*** Input data Section Begins ***
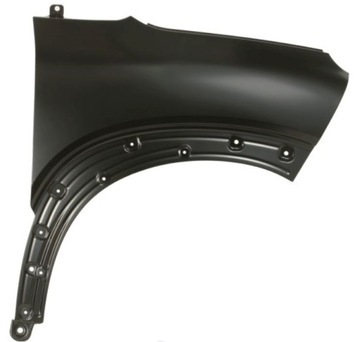 фото thumb №1, Citroen c3 aircross 2017- крыло переднее правый новый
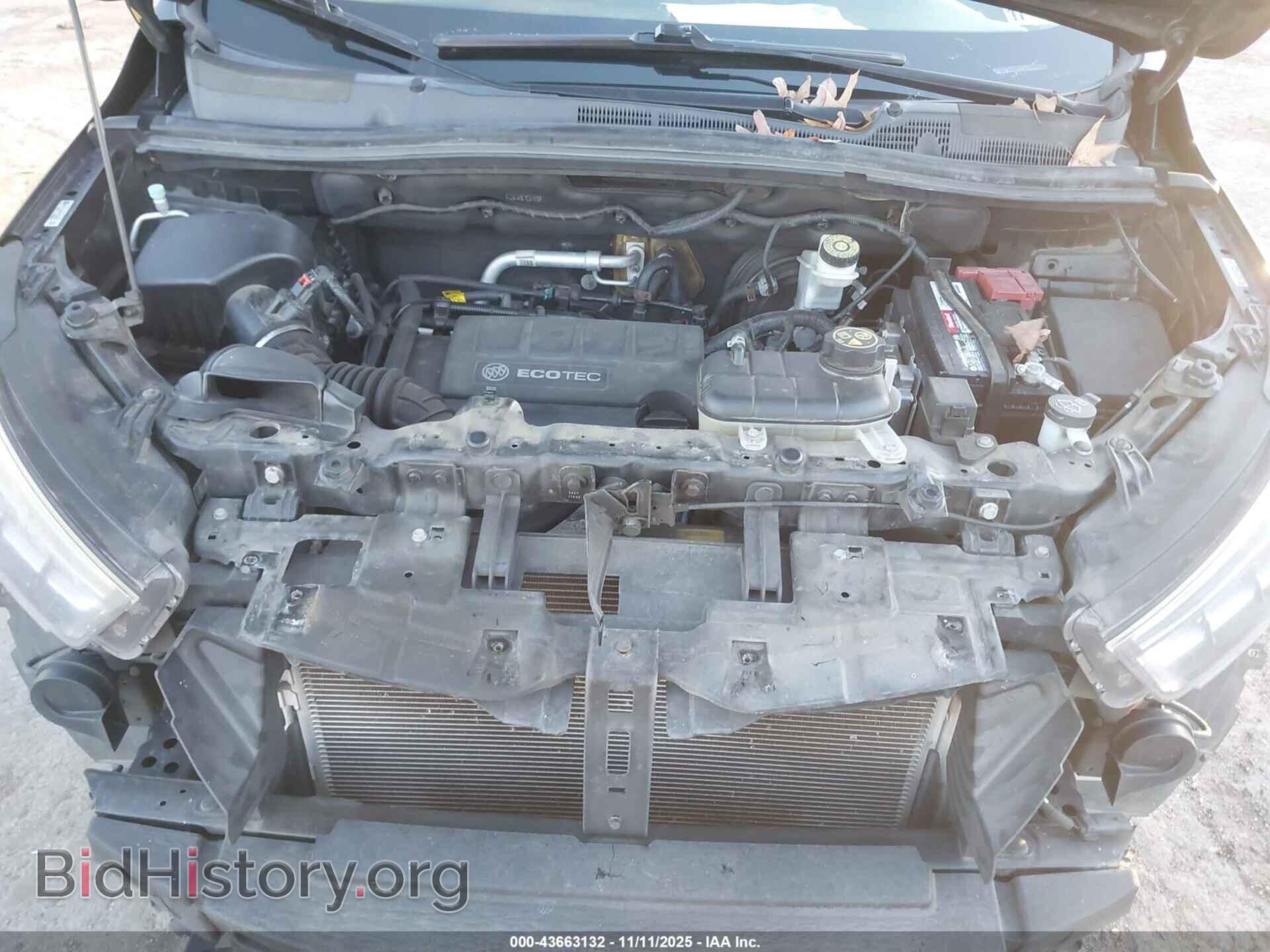 2017 BUICK ENCORE - VIN: KL4CJCSB2HB145643 - Photo 10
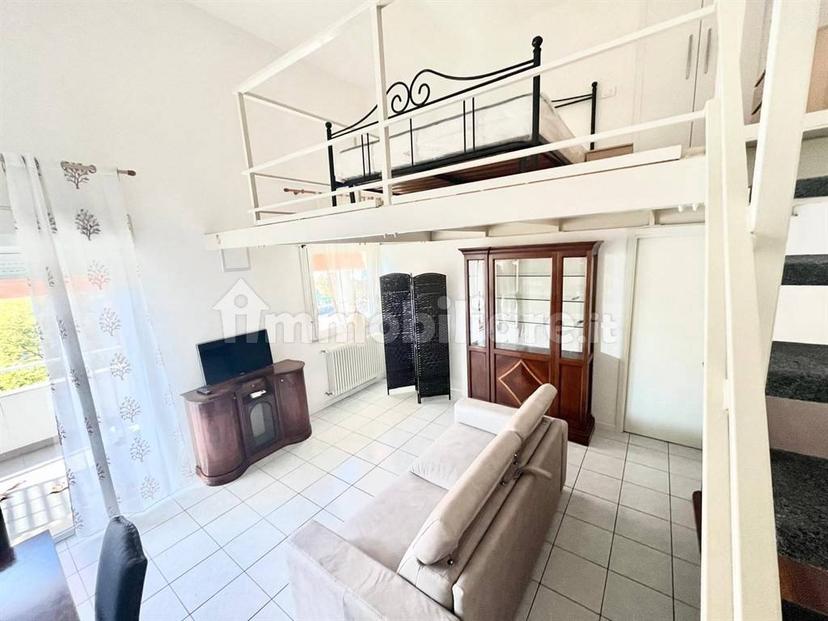 Loft, ottimo stato, secondo piano, Darsena, Ravenna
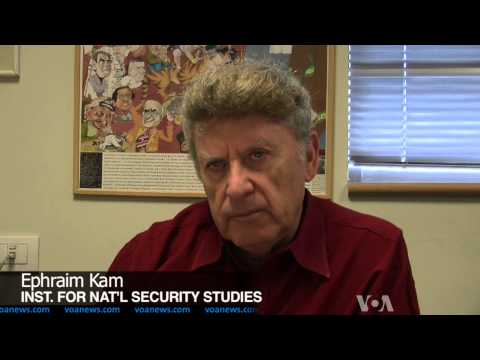 Confrontation Looms in 2013 Between Israel, Iran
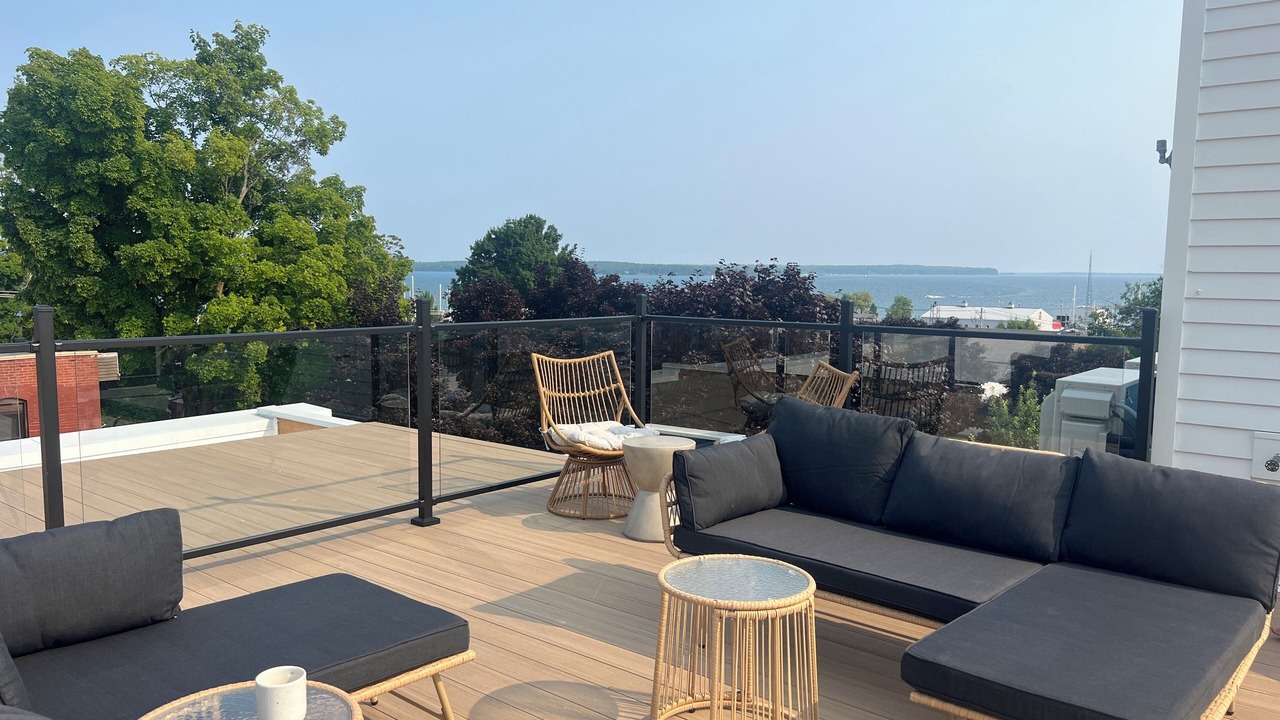 Photo of Patio Balcony in Bayfield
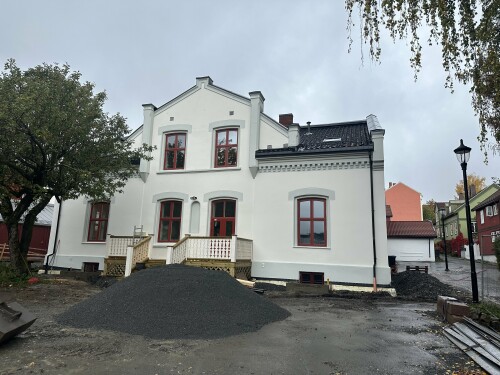 AP Byggeservice AS AP Byggeservice AS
*** Input data Section Ends ***
Leaving the images out, return every record exactly.

▸ Your solution:
 фото thumb №1, Citroen c3 aircross 2017- крыло переднее правый новый
 2017 BUICK ENCORE - VIN: KL4CJCSB2HB145643 - Photo 10
 Loft, ottimo stato, secondo piano, Darsena, Ravenna
 Confrontation Looms in 2013 Between Israel, Iran
 Photo of Patio Balcony in Bayfield
 AP Byggeservice AS AP Byggeservice AS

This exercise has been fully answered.